At the top the enclosure 31, on the end at the port 103, has a gripping profile 31b (octagon-shaped in the shown embodiment) external to the valve body 10, such that it is may be easy to remove it due to a possible maintenance or replacement of the components of the regulating cartridge.

The enclosure 31 further houses movement means that in the embodiment described herein comprise a rod 32 provided with an upper end 32a protruding outside the valve body 10 at the port 103.

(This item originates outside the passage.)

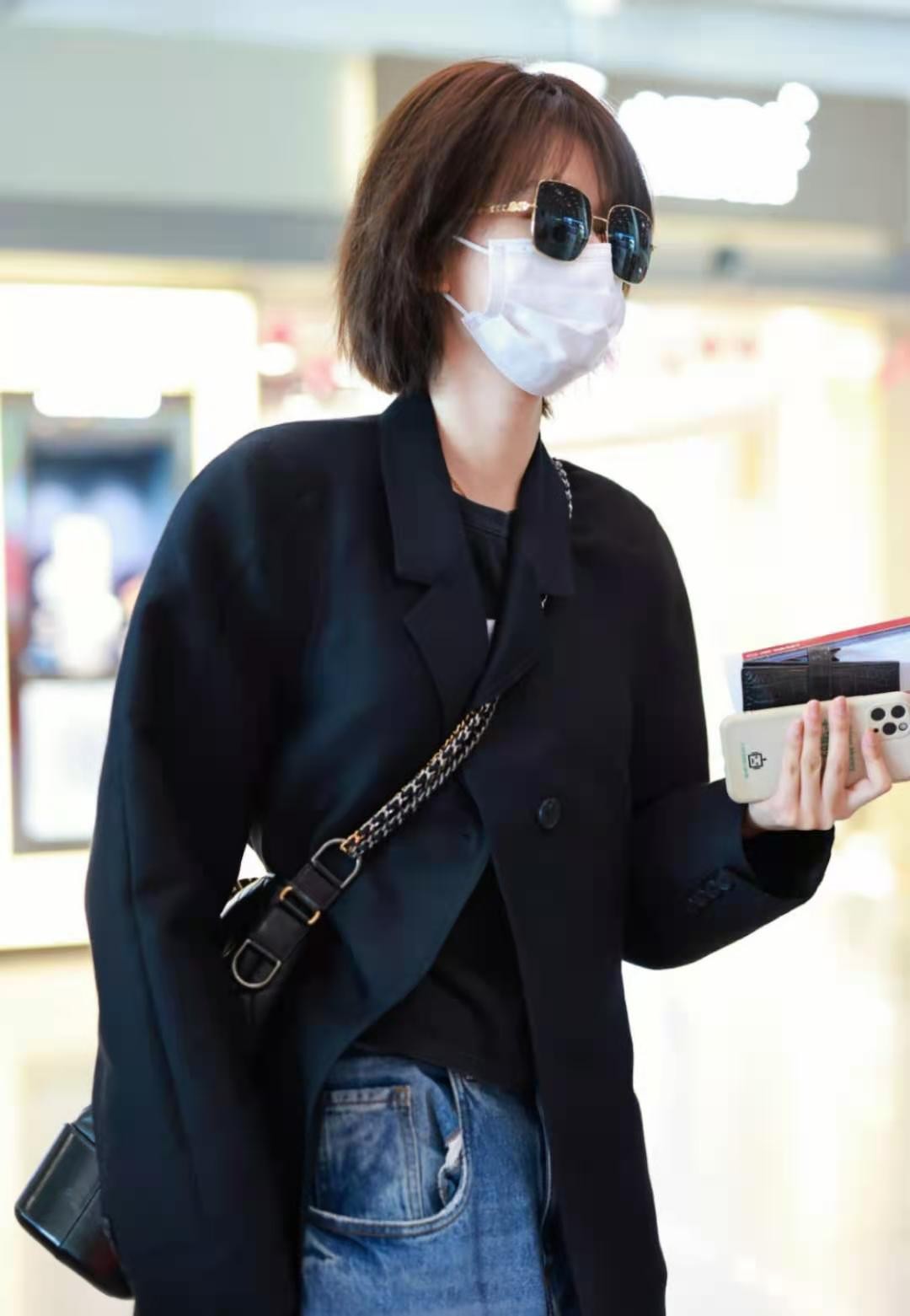 乔欣私服穿搭效果惊人,乔欣现身北京机场牛仔裤配长靴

The rod 32 is inserted in a spring 33; the spring 33 and the rod 32 are housed inside a cylindrical cavity of a spring holder 34, in turn housed inside the enclosure 31. The rod 32 passes through the spring holder 34 both the ends coming out therefrom. The spring at the bottom abuts on shoulders 34b projecting from a lower end 34a of the spring holder 34, and at the top from an intermediate enlarged section 32b of the rod 32. Thus the spring tends to urge the rod 32 in a direction opposite to the shoulders 34b.

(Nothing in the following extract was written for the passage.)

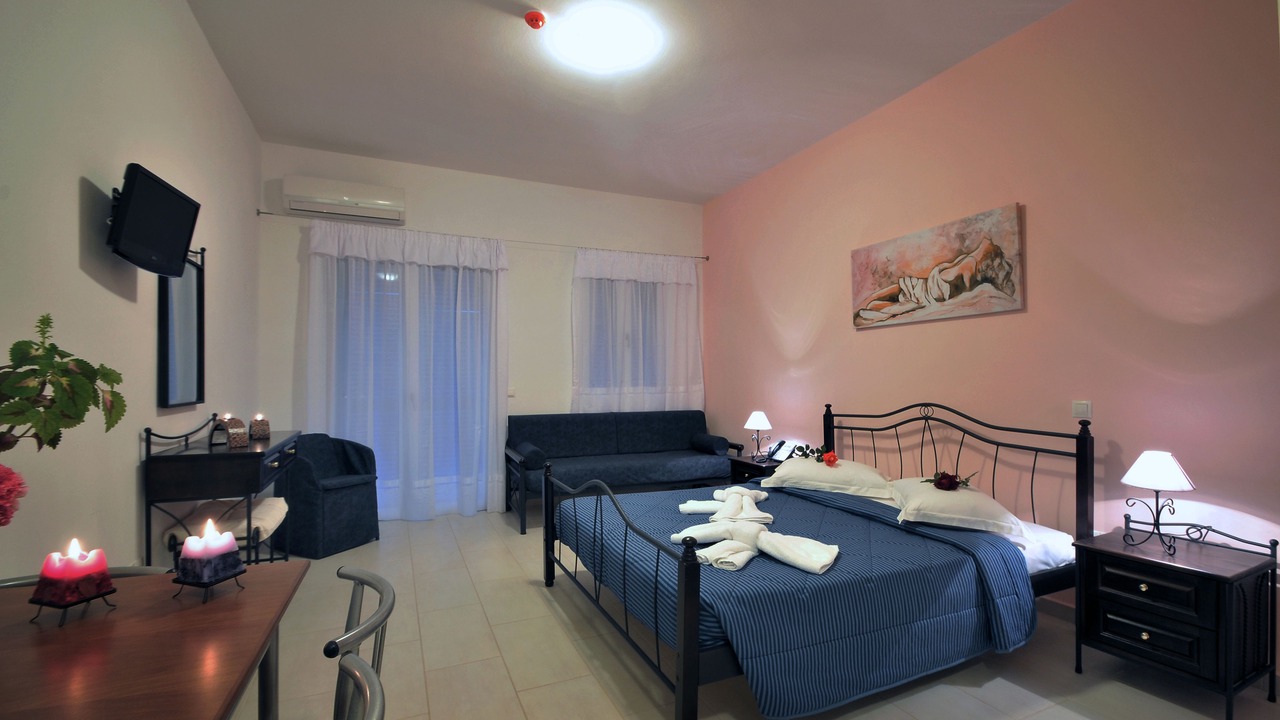 Photo of Bedroom in Agia Pelagia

The inner wall 31c of the enclosure 31 has a circumferential groove 310b forming a seat intended to house a retaining ring 311 for the spring holder, such as for example a metal wire or a Seeger ring, and a groove 310c intended to allow a form fit with an edge 340, protruding from the outer surface 34c of the spring holder 34. An antifriction ring 312 is further interposed between the retaining ring 311 and the edge 340 of the spring holder 34.

The assembly of grooves 310b and 310c, retaining ring and edge 340 prevents the spring-holder 34 from moving along a direction parallel to the axis of the rod, while allowing it to rotate inside the enclosure 31.

As better seen in fig.4 and Fig.5, at the lower end 34a of the spring holder 34 a substantially cylindrical shaped movable control element 35 is fastened which has an annular groove for receiving a gasket 37 necessary for guaranteeing the sealing effect with the inner walls of the enclosure 31.

The movable control element 35 is hollow inside and it comprises, at the end facing the spring holder 34, a first opening 35a delimited by a first edge 350a, and, at the opposite end, a second opening 35b obtained in the lower face 350b of the movable control element 35.

Four tabs 351 extend from the first edge 350a, which are spaced apart from each other and having a preferred development direction parallel to the axis of the rod 32, fastened to the lower end of the spring holder 34. The number of tabs is not essential for the invention.

Therefore the tabs 351 define openings through which the fluid, entering from the port 101, passes to go towards the port 102. The movable control element 35 and the spring holder 34 thus define an intermediate chamber 36 interposed between the port 101 and the port 102.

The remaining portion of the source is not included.